The Congressional Budget Office (CBO) is the non-partisan referee in Washington, responsible for giving Congress the score on how much bills actually cost. Now, the CBO Oversight Act is stepping in to formalize how Congress checks the referee’s work. This bill amends the 1974 Budget Act to require the CBO Director to testify at up to four hearings every calendar year, if the chairs of the House or Senate Budget Committees request it.
Under this new procedural rule, the CBO Director must appear for two hearings before the House Budget Committee and two hearings before the Senate Budget Committee annually. This requirement is conditional—it only kicks in if the committee chair asks for it. The committees get to set the agenda, meaning they can cover anything they deem relevant. Crucially, this includes reviewing the accuracy of the CBO’s baseline projections and cost estimates from the fiscal year that just ended. Think of it as a mandatory annual performance review, but with C-SPAN cameras.
The CBO is already slammed trying to churn out timely estimates for every major piece of legislation Congress considers. This new mandate formalizes a process for increased oversight, which sounds good on paper—more transparency is always welcome.

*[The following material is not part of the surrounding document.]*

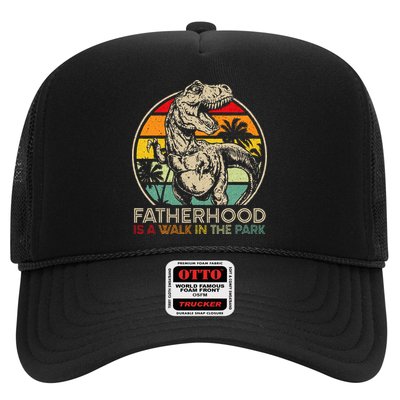 Vintage Fatherhood Is A Walk In The Park Dad T Rex Dinosaur Trucker Hat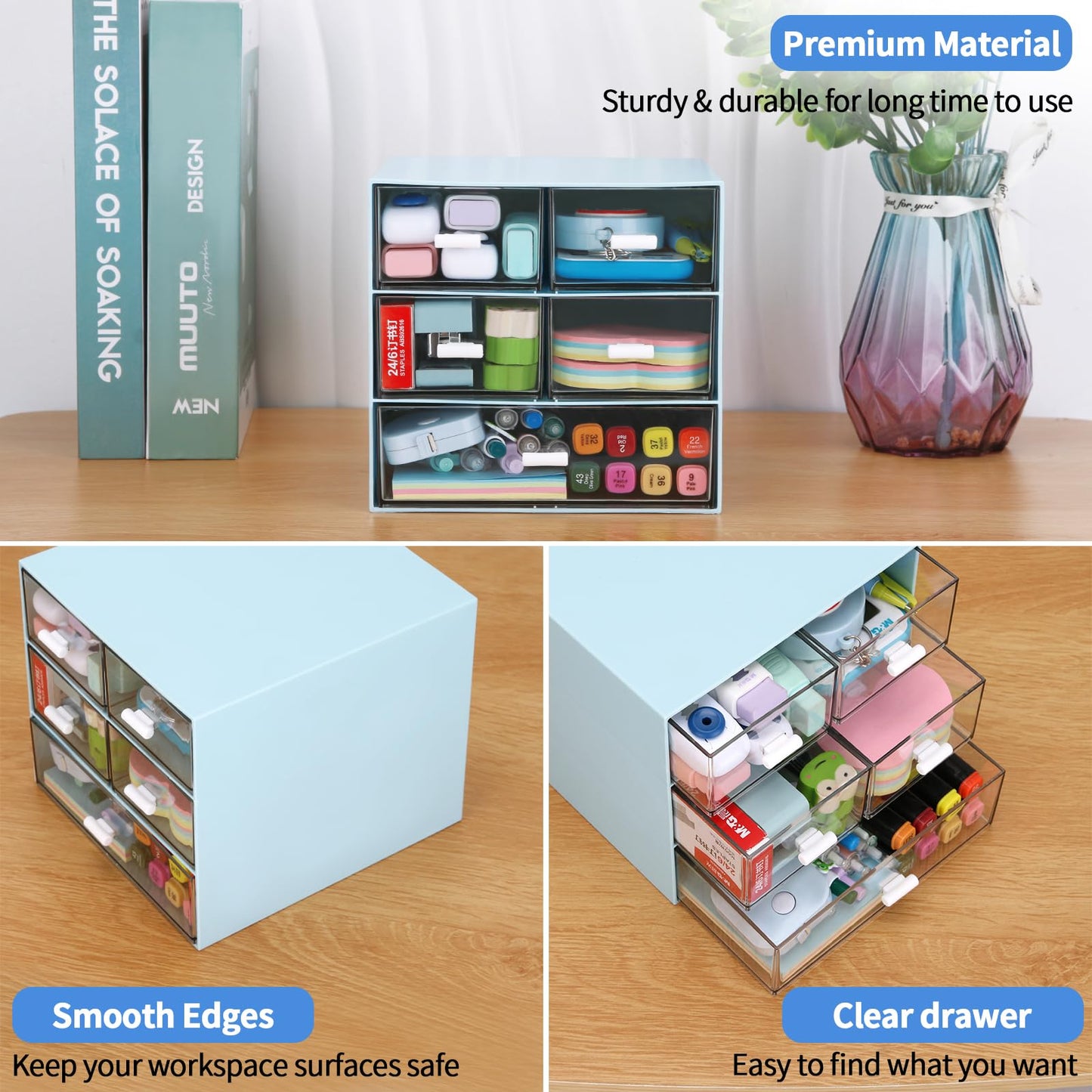 Desk Organizer with 5 Drawers, Rectangular Office Stationery Supplies Desktop Drawers, Plastic Makeup Storage, Suitable for Office, School, Home (Blue & 5 Drawers)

However, it also means the CBO Director and their staff will need to carve out significant time to prepare for and attend these four mandatory hearings. For an agency whose primary value is producing objective, timely analysis, every hour spent testifying or preparing binders is an hour not spent scoring a new bill. This creates a potential administrative burden on the CBO, forcing them to balance their core analytical work against increased scheduling demands.
While this bill doesn't directly affect your taxes or benefits, it matters because the CBO’s numbers drive the entire legislative process. When the CBO says a bill costs $1 trillion, that number shapes the debate. By mandating regular, formal hearings, the Budget Committees gain a structured mechanism to hold the CBO accountable for those figures. If the CBO overestimated the cost of a program last year, the committees can now dedicate a formal hearing to figure out why, potentially leading to better, more accurate future estimates. It’s an attempt to refine the accuracy of the numbers that ultimately determine how Congress decides to spend (or not spend) taxpayer money. The public benefits from knowing that the financial blueprints used in Washington are being regularly scrutinized for accuracy.